The IRS gives us this definition of material participation:
To determine material participation in an activity, the taxpayer must meet ONE of the following:
1.____ Does taxpayer and/or spouse work more than 500 hours a year in the business?
2.____ Does taxpayer do most of the work? Even if taxpayer does not meet 500 hour test, but his participation is the only activity in the business, he materially participates. Example: sole proprietor with no employees.
3.____ Does taxpayer work more than l00 hours and no one (including non-owners or employees) works more hours? Example: If owner puts in l75 hours a year and an employee works 190 hours a year, taxpayer would not meet material participation test.
4.____ Does taxpayer have several passive activities in which he participates between 100-500 hours each, and the total time is more than 500 hours? The following activities should not be included in the above test: rental activities: activities involving portfolio or investment income, and activities in which the taxpayer does most of the work.
5.____ Did taxpayer materially participate in activity for any 5 out of l0 preceding years (need not be consecutive)? Example: taxpayer who retired and his children now run business, but he stills owns part of partnership.
6.____ Did taxpayer materially participate in a personal service activity for any 3 prior years (need not be consecutive)? Personal service activity includes fields of health, law, engineering, architecture, accounting, actuarial science, performing arts and consulting.
7.____ Do the facts and circumstances indicate taxpayer is materially participating? Test does not apply unless taxpayer worked more than 100 hours a year. Furthermore, it does not apply if:
any person, other than the taxpayer, received compensation for managing the activity; or,
if any person spent more hours than taxpayer managing the activity.

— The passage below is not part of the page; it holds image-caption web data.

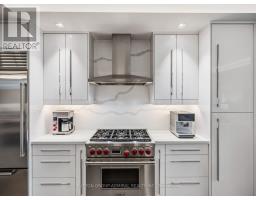 Dining room - 39 Red Deer Avenue, Toronto, ON M1N2Z1 Photo 9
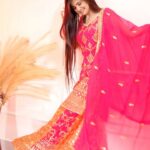 Saniya Shaikh Instagram – Yeh nakhra garam masaala ❤️‍🔥
.
.
Outfit by : @_sabse_sasta_ 
.
Shoot by : @vm_photograaphy 
.
Location : @snaphousestudio_ 
.
.
.
.
.
.
.
.
.
.
#sanufam #sanulove #smile #love #foryou #look #outfit #kbye #reelkarofeelkaro #reelitfeelit #transition #shoot #location #dress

REMINDER: Limited partners under IRC § 469(h)(2) are generally passive. The exceptions to the limited partner rule are tests 1, 5 and 6 above. If taxpayer holds both a general and limited partner interest, he will have all seven tests available.
If the answer to any of the above questions is YES the taxpayer meets the material participation standard. Losses or income should not be reflected on Form 8582, and the taxpayer may generally deduct in full the amount of the loss in the current year. If the taxpayer materially participated, losses or income are reflected on the return as non-passive.
If the answer is NO to all seven tests, the material participation standard is not met, and losses are passive.
Reminder: If the taxpayer does not materially participate, credits arising from the business are generally passive. In the absence of passive income, a passive activity credit is nondeductible in the current year.